Dataset section:
####

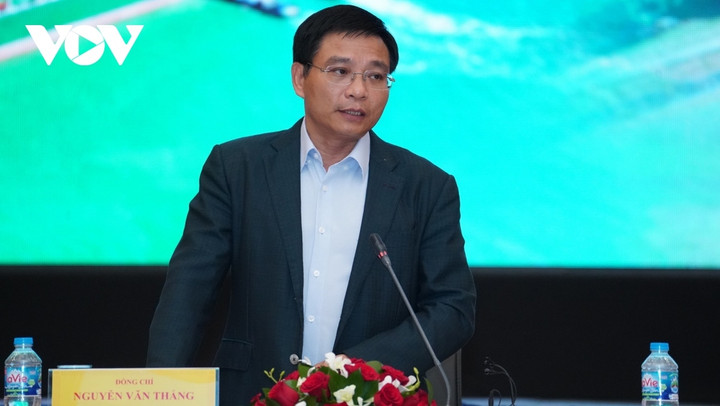 Bộ trưởng Giao thông Vận tải Nguyễn Văn Thắng.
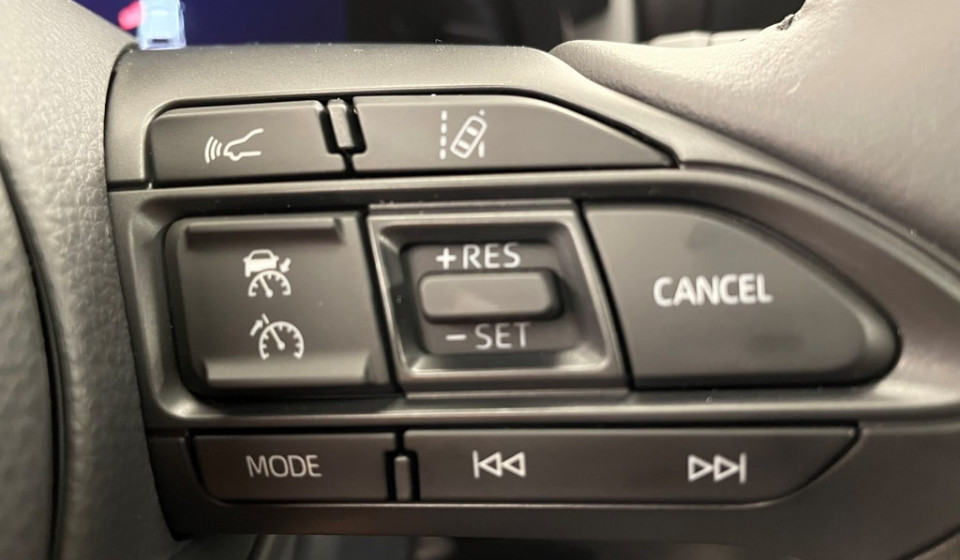 TOYOTA YARIS CROSS Hybrid 1.5 HSD Adventure AWD-i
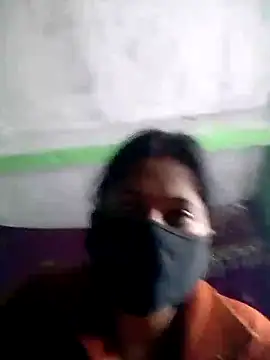 QRESABABY online show from 11-28-25, 06:32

####

Work required:
Nothing but the text is wanted: repeat the data above exactly, without its images.

Response for this exercise:
 Bộ trưởng Giao thông Vận tải Nguyễn Văn Thắng.
 TOYOTA YARIS CROSS Hybrid 1.5 HSD Adventure AWD-i
 QRESABABY online show from 11-28-25, 06:32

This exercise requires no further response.